Thursday, April 27, 2017

Vermont Selectboard Un-Candidate #10

     Did you notice; I learned how to spell "selectboard" correctly as one word not two?
     Yesterday, I emailed the Abeneki Indian, Rich Holschuh, and the Chair of the Selectboard, Kate O'Connor to enlist their support in getting the Reformer to publish my letter that it was a lie when they published for millions of readers  that ten minutes after the Indigenous Peoples' Day was voted in and in the middle of the financial report, I wondered if voting for the Indigenous Peoples' Day had been a good idea. Writing that made me look like a clown. Lacking a good plan for our economy and our national defense and security, the left's best weapon is its derision, and that was what they were doing to me even if they had to make up the situation.
     Like I wrote Kate, the Chair, there may be times that I do look like a clown having to flee a meeting or choking up during a speech and having to stop. The Reformer can then report those true events gleefully, if they're small enough. They don't have to make up fake news about me.
     Emailing Rich and Kate assertively was a big step for me. I gave them my phone number and checked for messages from them this morning. Nothing. But the fear and avoidance was marked. I know it's ridiculous to be so anxious - hard men and women would call it cowardly. No prob. In my defense though, I can claim that I knew extreme fear before I was even born. My mother wouldn't tell me this, but my sister who cared for our mother for ten years before her death, did. The story is that in 1946 in Anchorage, Alaska, my mother went to the Army base hospital for stomach problems. Why she didn't think about her periods or pregnancy I don't know. My father and mother were Puritans from Massachusetts and likely to get hysteria like the young women in Salem, Massachusetts, who saw their neighbors flying about on broomsticks and like all the other hysterics in Salem who believed the young women seeing witches fly. I mean, the hysterical college-age women in Salem seeing their neighbors flying around on broomsticks had such a catchy phrase. Remember it? It was "Believe the victim!" Who would dare to doubt them after that! But back to Anchorage, the Army doctors were probably all drunks because they didn't catch on either. Instead, they operated on my mother's stomach, saw me, hastily sewed my mother up, poured Jack Daniels on the incision, and kept mother in the hospital for two weeks because the baby usually died after such an intrusion.
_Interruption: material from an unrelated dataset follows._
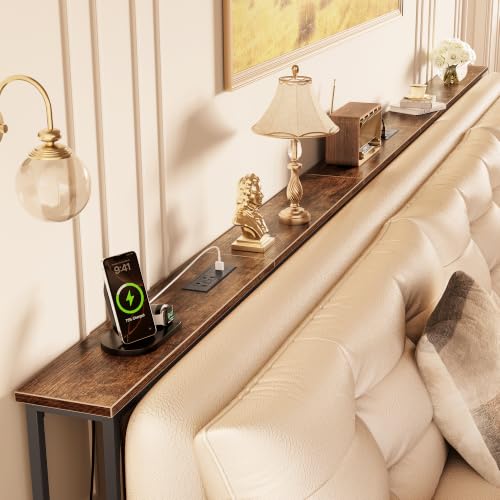Image of Huuger 126 Inch Sofa Table with Power Outlets, Skinny Behind Couch Table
     I didn't, but I was born with my umbilical cord wrapped tightly around my neck, probably from swimming around, doing back flips, frantically trying to get away from the scalpel. That's also why I have some brain damage, get flustered easily, and have no mechanical skills when all my brothers fix everything. That's probably the first time I felt great fear, and I wasn't even born yet. I mean who is threatened with a knife before they are born and lives to tell about it? Not many.
     With disgusting butterflies in my stomach, I did go to the phone and check for messages from Rich and Kate. For that, I give myself another pat.
"Freedom, Reason,and Evidence. Humor too, eh?"